→ **Task goal**: Only the pictures are to be dropped; the rest of the data below is to be duplicated exactly.

→ **Recorded information**:
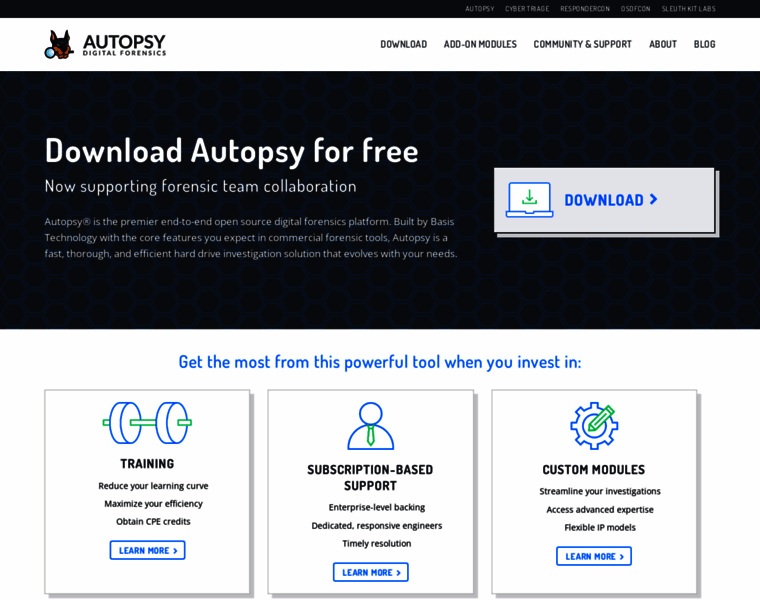 Autopsy.com thumbnail
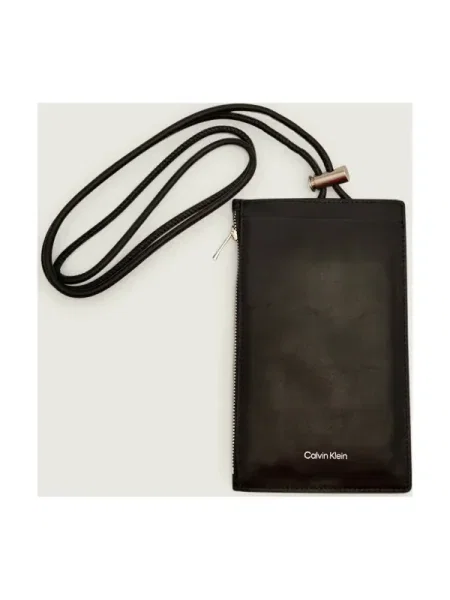 Geantă Calvin Klein din piele negru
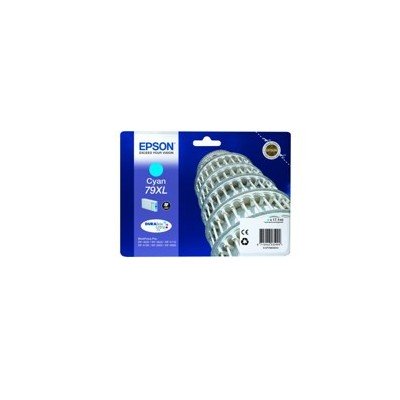 Cartucho tinta epson t790240 cian 79xl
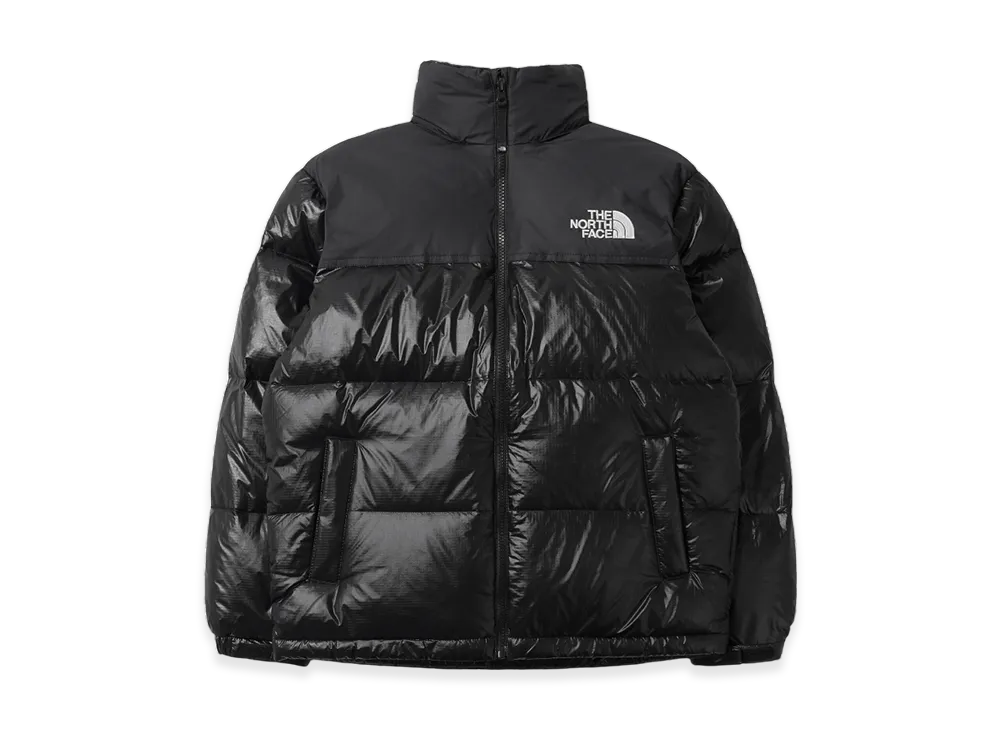 The North Face 1996 Eco Nuptse RDS Down Jacket (Kids) "Real Black"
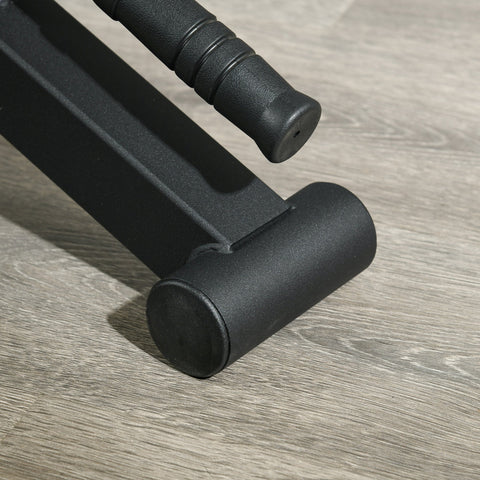 Rootz Barbell Jack - Deadlift Jack - Lifting Tool - Non-Slip Handle - 50 x 12 x 33 cm - Black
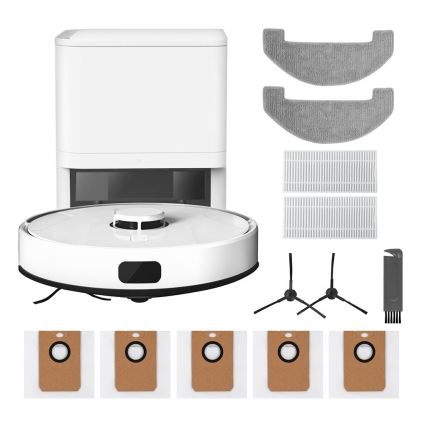TESLA Electronics RoboStar - Slimme robotstofzuiger 2in1 2600 mAh Wi-Fi wit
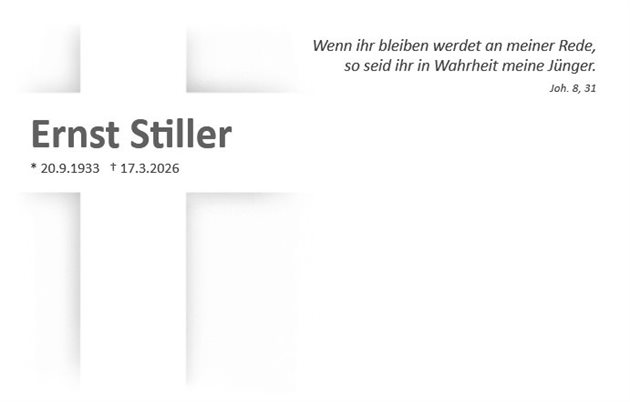 Ernst Stiller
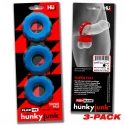 Hünkyjunk super huj 3-pack cockrings tar ice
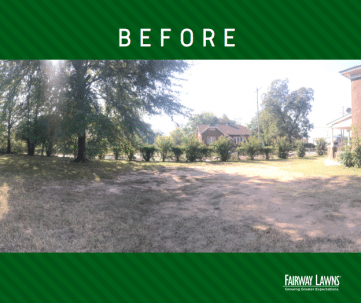 before, Fairway gives back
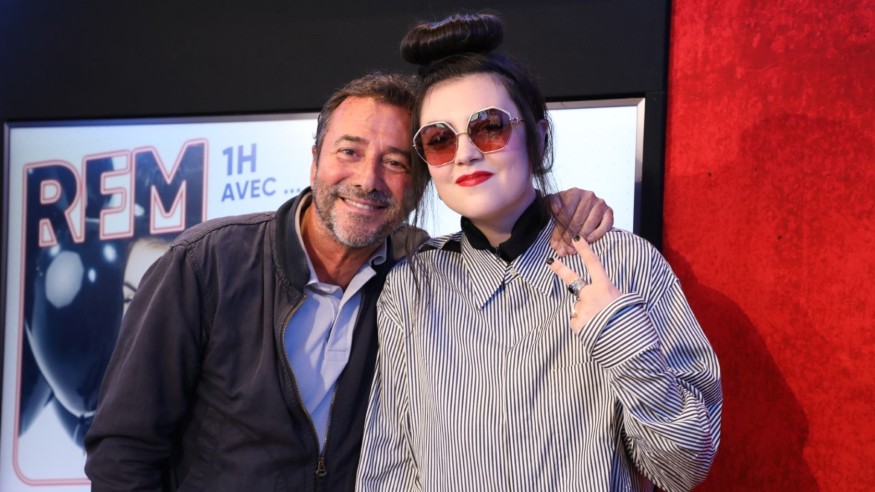 Découvrez l'interview de Hoshi au micro de Bernard Montiel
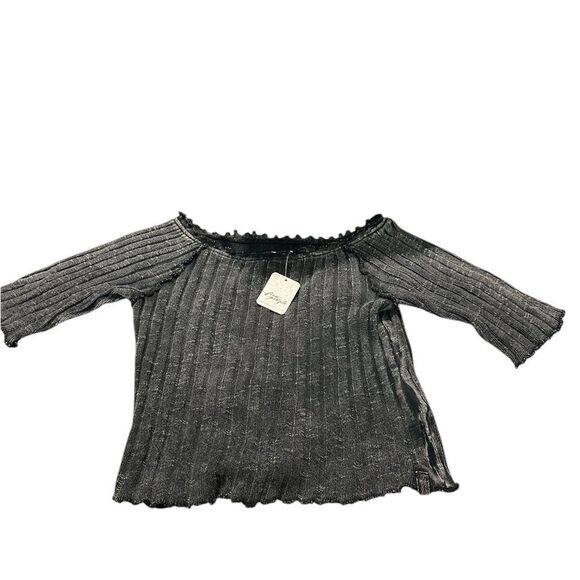 We The Free NWT Meant To Be Tee in black size L - Picture 2 of 6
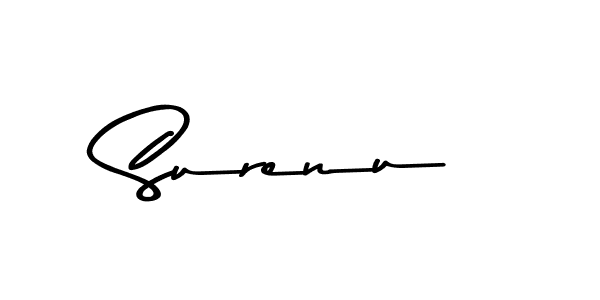 Also You can easily find your signature by using the search form. We will create Surenu name handwritten signature images for you free of cost using Asem Kandis PERSONAL USE sign style. Surenu signature style 9 images and pictures png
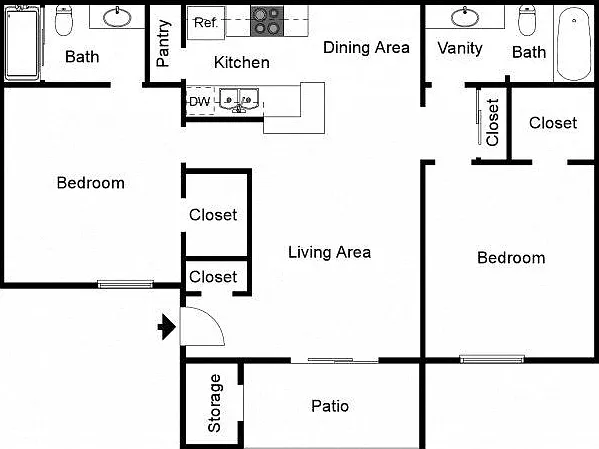 Eagle Point Apartments — Photo 43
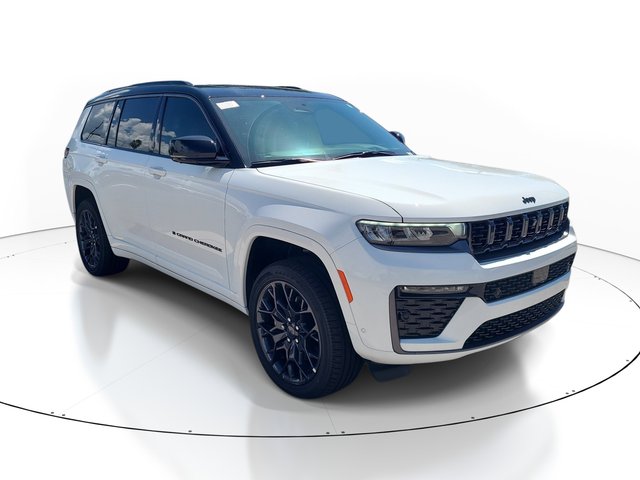 2026 Jeep Grand Cherokee L Summit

→ **Result of this exercise**:
 Autopsy.com thumbnail
 Geantă Calvin Klein din piele negru
 Cartucho tinta epson t790240 cian 79xl
 The North Face 1996 Eco Nuptse RDS Down Jacket (Kids) "Real Black"
 Rootz Barbell Jack - Deadlift Jack - Lifting Tool - Non-Slip Handle - 50 x 12 x 33 cm - Black
TESLA Electronics RoboStar - Slimme robotstofzuiger 2in1 2600 mAh Wi-Fi wit
 Ernst Stiller
 Hünkyjunk super huj 3-pack cockrings tar ice
 before, Fairway gives back
 Découvrez l'interview de Hoshi au micro de Bernard Montiel
 We The Free NWT Meant To Be Tee in black size L - Picture 2 of 6
 Also You can easily find your signature by using the search form. We will create Surenu name handwritten signature images for you free of cost using Asem Kandis PERSONAL USE sign style. Surenu signature style 9 images and pictures png
 Eagle Point Apartments — Photo 43
 2026 Jeep Grand Cherokee L Summit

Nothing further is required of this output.